Specifically with reference to the individual positions shown, FIG. 1A illustrates hinge assembly 100 when bases 112 and 114 are parallel to each other. FIG. 1B illustrates hinge assembly 100 when bases 112 and 114 are in the same plane. In FIG. 1B, link 130 is shown behind link 120, as it has disappeared from the frontal view of hinge assembly 100 as illustrated in FIG. 1B.

The securing of links 120 and 130 in a cross-link fashion enables hinge assembly 100 to enable bases 112 and 114 to be physically secured to one another, while allowing motion of one base with respect to the other. The motion of the hinge assembly with respect to the bases is further described below. In one embodiment hinge assembly 100 includes domed washers, or Belleville washers between the heads of pivot screws 122-124 and link 120. In one embodiment two or more Belleville washers are used. In one embodiment two washers are placed with the cone ends facing each other. The use of Belleville washers, and especially in the cone-to-cone orientation, can provide tension that enables hinge assembly 100 to be positioned (e.g., by manual or automated movement of the bases to which hinge assembly 100 is secured) to somewhere within the range of motion of hinge assembly 100 (nominally 360 degrees in the plane of FIG. 1, with the use of stopping mechanisms possibly put in place to limit the range of motion), and the hinge assembly stays in the position to which it is moved.

With the double cross linked hinge assembly, hinge assembly 100 may allow nearly 360 degree motion of bases 112-114 (or any assembly or mechanism secured by links 120 and 130) in the plane of links 120 and 130, while temporarily fixing hinge assembly 100 to whatever position to which it is opened. For example, if hinge assembly 100 is adjusted by opening to approximately a 60 degree angle between bases 112-114, relative to an axis formed by the longitudinal centers of bases 112 and 114, hinge assembly 100 will hold the bases at approximately the 60 degree angle, even if shaken or vibrated. Thus, a hinge may be easily opened, or adjusted, and set to an open or closed position by hand, and without the need for further latching or fixing mechanisms, hinge assembly 100 itself fixes the attached bases at the position to which hinge assembly 100 is adjusted or opened.
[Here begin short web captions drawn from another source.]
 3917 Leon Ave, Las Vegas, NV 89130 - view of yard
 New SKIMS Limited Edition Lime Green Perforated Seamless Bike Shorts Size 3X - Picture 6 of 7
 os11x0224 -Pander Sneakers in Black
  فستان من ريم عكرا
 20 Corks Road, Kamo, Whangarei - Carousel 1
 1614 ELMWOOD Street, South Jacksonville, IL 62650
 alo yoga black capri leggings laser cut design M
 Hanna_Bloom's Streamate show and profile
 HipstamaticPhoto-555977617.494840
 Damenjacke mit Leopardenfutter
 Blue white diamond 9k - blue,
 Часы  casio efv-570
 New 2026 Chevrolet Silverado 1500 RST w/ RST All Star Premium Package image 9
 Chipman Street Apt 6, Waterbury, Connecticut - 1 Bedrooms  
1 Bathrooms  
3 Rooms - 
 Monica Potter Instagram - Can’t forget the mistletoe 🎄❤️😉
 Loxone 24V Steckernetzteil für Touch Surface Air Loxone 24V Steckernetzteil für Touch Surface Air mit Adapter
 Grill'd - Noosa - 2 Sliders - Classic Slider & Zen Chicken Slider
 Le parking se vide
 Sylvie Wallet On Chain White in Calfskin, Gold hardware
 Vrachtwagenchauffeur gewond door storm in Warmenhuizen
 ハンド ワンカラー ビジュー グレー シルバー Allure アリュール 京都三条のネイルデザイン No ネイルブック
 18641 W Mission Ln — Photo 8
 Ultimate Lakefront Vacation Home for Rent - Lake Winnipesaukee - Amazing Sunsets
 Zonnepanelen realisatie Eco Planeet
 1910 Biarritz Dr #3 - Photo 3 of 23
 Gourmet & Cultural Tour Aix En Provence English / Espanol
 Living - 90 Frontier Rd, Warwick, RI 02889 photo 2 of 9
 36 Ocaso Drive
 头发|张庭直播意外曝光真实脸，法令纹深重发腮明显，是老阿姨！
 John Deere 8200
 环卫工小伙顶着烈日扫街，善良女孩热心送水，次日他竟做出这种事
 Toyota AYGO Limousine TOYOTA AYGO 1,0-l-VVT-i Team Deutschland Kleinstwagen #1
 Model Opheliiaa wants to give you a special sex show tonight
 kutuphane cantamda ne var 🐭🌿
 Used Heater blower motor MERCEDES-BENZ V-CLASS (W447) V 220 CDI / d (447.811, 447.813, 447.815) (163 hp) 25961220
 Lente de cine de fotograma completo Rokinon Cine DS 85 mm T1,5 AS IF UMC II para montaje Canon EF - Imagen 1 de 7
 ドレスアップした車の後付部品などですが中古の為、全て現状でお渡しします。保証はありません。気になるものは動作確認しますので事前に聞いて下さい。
The benefit of the hinge design of hinge assembly 100 is not dependent on size. For an example, in one embodiment FIG. 1 illustrates a hinge of approximately 1 inch of distance between pivot screws. A hinge of the same or similar design, operating on the same principles, could be as small as microscopic, or as large as a railroad bridge and provide the functionality described herein. The size and tension of the set screws and pivot screws may be adjusted for attachments or bases of different size to allow the described operation with hinges of varying sizes. The size of a desired hinge assembly may be adjusted to correspond to a size/weight of an assembly/baseplate to be controlled by the hinge.

FIG. 2 is a block diagram of an embodiment of a tensioning hinge component assembly. FIG. 2 represents one embodiment of a top view of the hinge assembly of FIG. 1A. Baseplate 210 is illustrated with a threaded hole through a portion of the baseplate. As used herein, baseplate refers to any base, assembly, component, etc., which may be secured to hinge assembly 200. The term baseplate is used hereinafter by way of simplicity in description, and not by way of limitation.

Component assembly 202 illustrates one example of elements used to secure link 220 to baseplate 210. Component assembly 202 includes set screw 240, which may be inserted at least partway into the threaded opening of baseplate 210. Set screw 240 is illustrated with the driving mechanism extending into the body of set screw 240. In one embodiment the length of set screw 240, pivot screw 230, and/or baseplate 210 may be adjusted to align each element. For example, the size of the link may be controlled, as may be the length of the set screw and pivot screw. In one embodiment, the depth of the threaded hole in baseplate 210 is controlled to the length of pivot screw 230, and the need for set screw 240 may be eliminated.

Component assembly 202 includes pivot screw 230 to secure link 220 to baseplate 210. Component assembly 202 further includes Belleville washers 232-234 between the head of pivot screw 230 and baseplate 210. The slope of Belleville washers 232-234 is dependent on the implementation, and can be determined for each implementation individually. In one embodiment two Belleville washers are used, with the crown or domed portion facing each other. When component assembly 202 is secured to baseplate 210, the crown of Belleville washer 232 will compress against the crown of Belleville washer 234, and provide tension between pivot screw 230 and link 220.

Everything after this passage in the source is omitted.